The Concise Oxford Dictionary of World Religions | 1997 | | © The Concise Oxford Dictionary of World Religions 1997, originally published by Oxford University Press 1997. (Hide copyright information) Copyright

Ethics. The human concern for what is right and wrong, good and evil. Ethics arise from the human awareness of the future, combined with a lack of detailed knowledge about it. Lives and actions have to be projected into acknowledged but unknown futures, which at once makes evaluation inevitable: is a possible action right or wrong, wise or foolish, prudential or risky, good or evil? The attribution of value then extends to much else, and produces the characteristic recognition by humans of truth, beauty, and goodness, not as contingent or arbitrary, but as independent of the moment which gives rise to them—i.e. as absolutes. What counts as good or evil varies from age to age, culture to culture, though even then there is a considerable convergence which overrides what is known as cultural relativity.

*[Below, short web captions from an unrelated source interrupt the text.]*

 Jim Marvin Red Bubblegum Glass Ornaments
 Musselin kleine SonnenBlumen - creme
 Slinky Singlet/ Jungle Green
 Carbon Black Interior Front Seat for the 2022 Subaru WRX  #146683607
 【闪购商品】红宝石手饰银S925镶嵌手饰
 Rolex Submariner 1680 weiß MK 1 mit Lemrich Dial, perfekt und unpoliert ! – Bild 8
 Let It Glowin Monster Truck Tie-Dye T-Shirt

Religions are aware of these universals as a matter of experience. They know that thoughts and actions based on the absolutes of truth, beauty, and goodness are to be endorsed and encouraged, and perhaps are to be rewarded after death, even if not in this life. Religious ethics are concerned, far more than secular ethics are, with the causes and consequences of evil. Nevetheless, they affirm (and give good grounds for doing so) the sovereignty of good.

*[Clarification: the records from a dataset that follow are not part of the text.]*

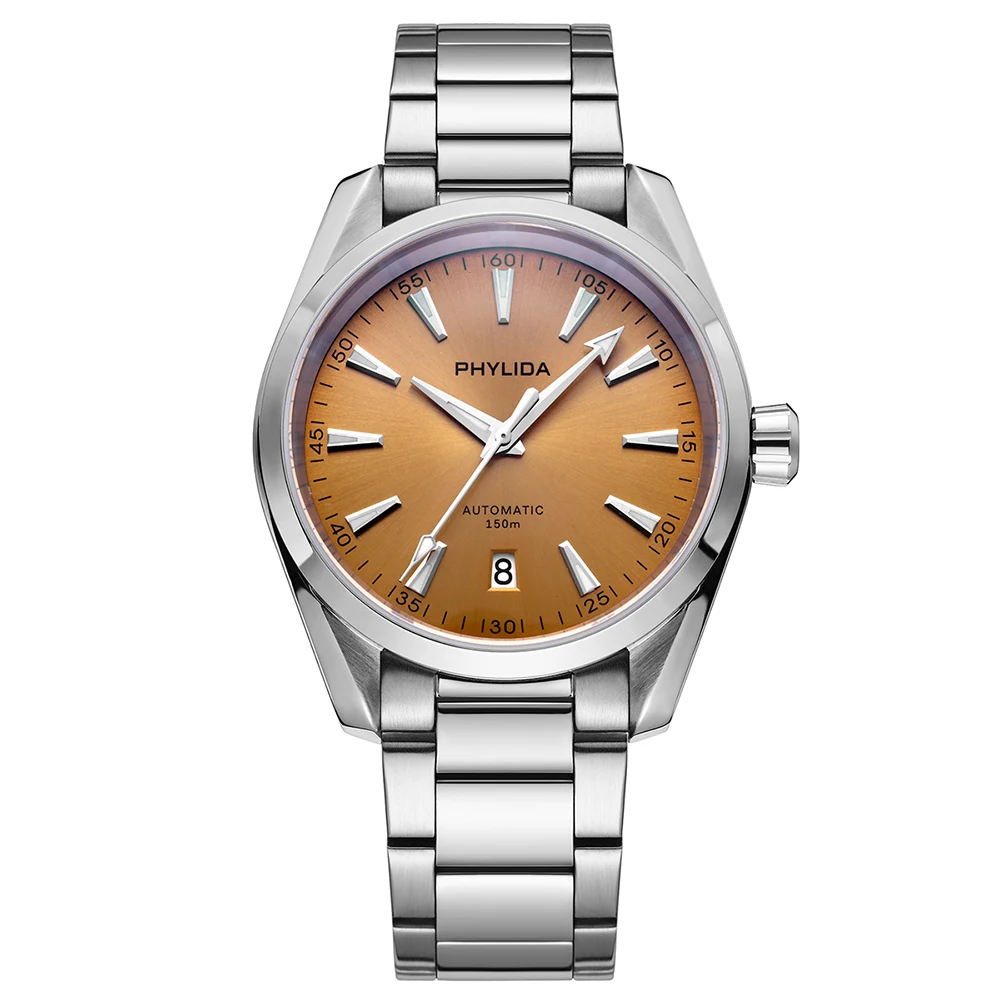 PHYLIDA New Champagne Dial Aqua 150m Automatic Watch Sapphire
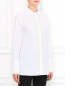 Блуза из хлопка с декоративной отделкой Sportmax  –  Модель Верх-Низ
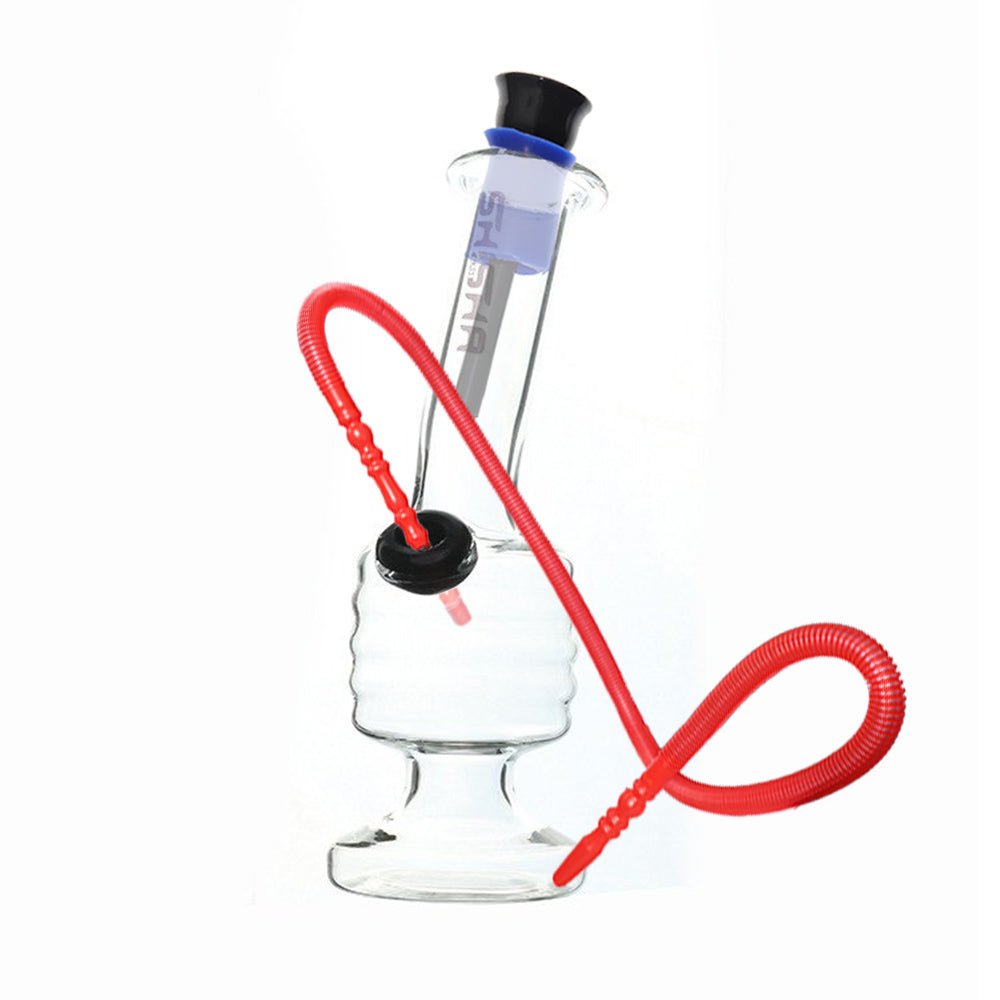 Glass Round Base Barrel Mini Bong 12.5cm - Shisha Glass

On the basis of the experience of the human universal to make moral judgements and recognitions, religions have believed, in general, that there is a naturally good way to live and behave. In the E., this tends to be summarized under dharma, in the W. under natural law. Roughly speaking, if there is a consistent way for things to behave appropriately in the natural order (e.g. for stones to fall when dropped, or for the movement of planets to be predictable—hence the interest in the connections between those regularities and humans in astrology), it would be extremely odd if there were not a naturally good way for humans to live with each other. In the W., this led Aristotle to propose what has subsequently been elaborated as eudaimonism—human flourishing. What has been a matter of contest, within religions as well as between them, is whether what counts as ‘flourishing’ has been fixed for all time (e.g. in the word of God in revelation, whether Vedic, Biblical or Quranic), or whether there is a constant exegesis of the eudaimonic—no doubt on the basis of previous experience and revelation (where applicable), but nevertheless prepared to move and change. Aristotle, after all, could not imagine a world without slaves and the subordination of wives to husbands—it was both natural and eudaimonic for those concerned; we do not agree, because the detail of the eudaimonic is not fixed for all time in all respects.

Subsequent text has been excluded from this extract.